If a biopsy reveals prostate cancer, also known as adenocarcinoma of the prostate, important variables related to prognosis include:

  • Cancer Grade
  • Cancer Stage
  • Pre-treatment PSA
  • Tumor volume on the biopsy.

Grading & Staging

Prostate cancer grade refers to its degree of aggressiveness. The prostate cancer grading system is known as the Gleason score. Gleason is a pathologist who devised a system that scales from 2 (the least aggressive form of prostate cancer) up to 10 (the most aggressive form). The majority of men with prostate cancer have Gleason 5 –7 lesions. The higher the Gleason score is, the more aggressive the cancer.

Prostate cancer stage is determined on the basis of DRE (Digital Rectal Exam). Most men have a normal DRE and are stage T1c (PSA detected cancer)

T1c (PSA detected)
T2a (small nodule)
T2b (larger nodule)
T3 (very large nodule with probable extension outside of the prostate)
T4 (prostate cancer growing into adjacent organ such as the bladder)

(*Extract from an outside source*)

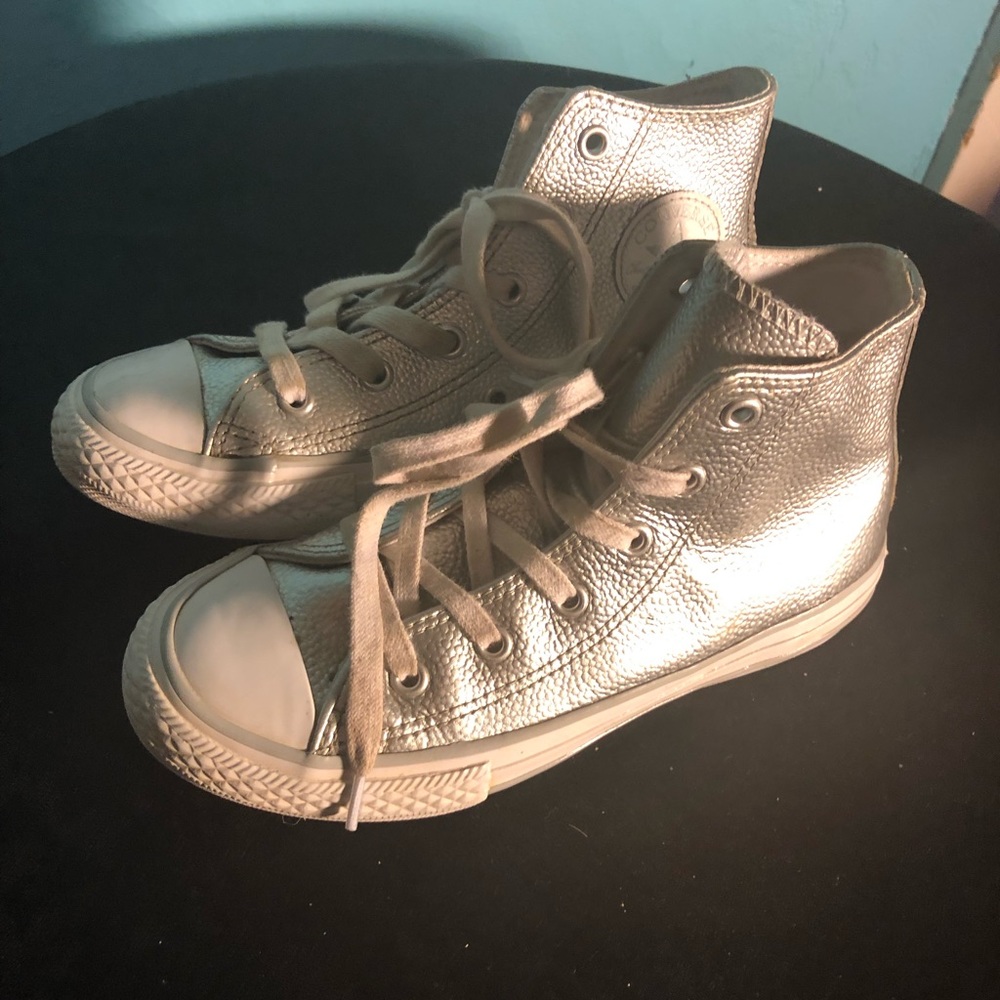 Converse All Star Shiny Metal High Top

The pretreatment PSA provides some information with regard to prognosis. The lower the PSA, the better the prognosis. However, pre-treatment PSA does not adequately stage the individual patient.

Tumor volume, or percent of the biopsy involved with cancer, can also provide some prognostic information. A lower amount of tumor in a biopsy specimen can often correlate with the amount of tumor in the prostate gland. However, there can be some degree of sampling error on routine prostate biopsy and the individual patient tumor volume, in and of itself, may not always accurately predict outcome. Together, Gleason score (grade of the cancer), tumor stage, pre-treatment PSA and biopsy tumor volume can provide a good deal of information with regard to curability and treatment outcome.

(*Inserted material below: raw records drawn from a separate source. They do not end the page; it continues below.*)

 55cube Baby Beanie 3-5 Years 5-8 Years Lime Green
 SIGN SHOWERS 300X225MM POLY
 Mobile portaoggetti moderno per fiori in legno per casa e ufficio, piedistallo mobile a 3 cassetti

Prostate Cancer Grading System (Gleason score 2 – 10)

Gleason Score
Relative Tumor Behavior
2 – 4
slow growing (well differentiated)
5 – 7*
intermediate (moderately differentiated)
8 – 10
fast growing (poorly differentiated)
* most common variety

Estimated reduction of life expectancy in men 65 to 75 years of age based on tumor grade (JAMA. 274:626, 1995)

Tumor Grade
Estimated Years Lost
Gleason 2 – 4
0 yr
Gleason 5 – 7
4 to 5 yrs
Gleason 8 – 10
6 to 8 yrs

 

Prostate Cancer Staging System (based primarily on rectal exam)

Localized cancer
T1c = A impalpable (normal rectal exam)
T2a = B1 small nodule
T2b = B2 larger nodule
 
Locally advanced
T3 = C beyond the prostate gland
T4 = D fixed to the pelvis and /or bladder

 

Indicators of overall prognosis

Additional prognostic information may be obtained by consideration of the percentage of tissue involved with cancer on the biopsy specimen. In general, the greater the percentage of tissue containing tumor is, the larger is the malignancy within the prostate gland. The correlation between tumor volume on the biopsy and size of the cancer within the prostate is most accurate when viewed or calculated in a large cohort. For the individual patient however, biopsy tumor volume may not accurately depict the size of the cancer within the prostate gland due to sampling error. The biopsy needle, for example, may only sample the portion of the tumor mass.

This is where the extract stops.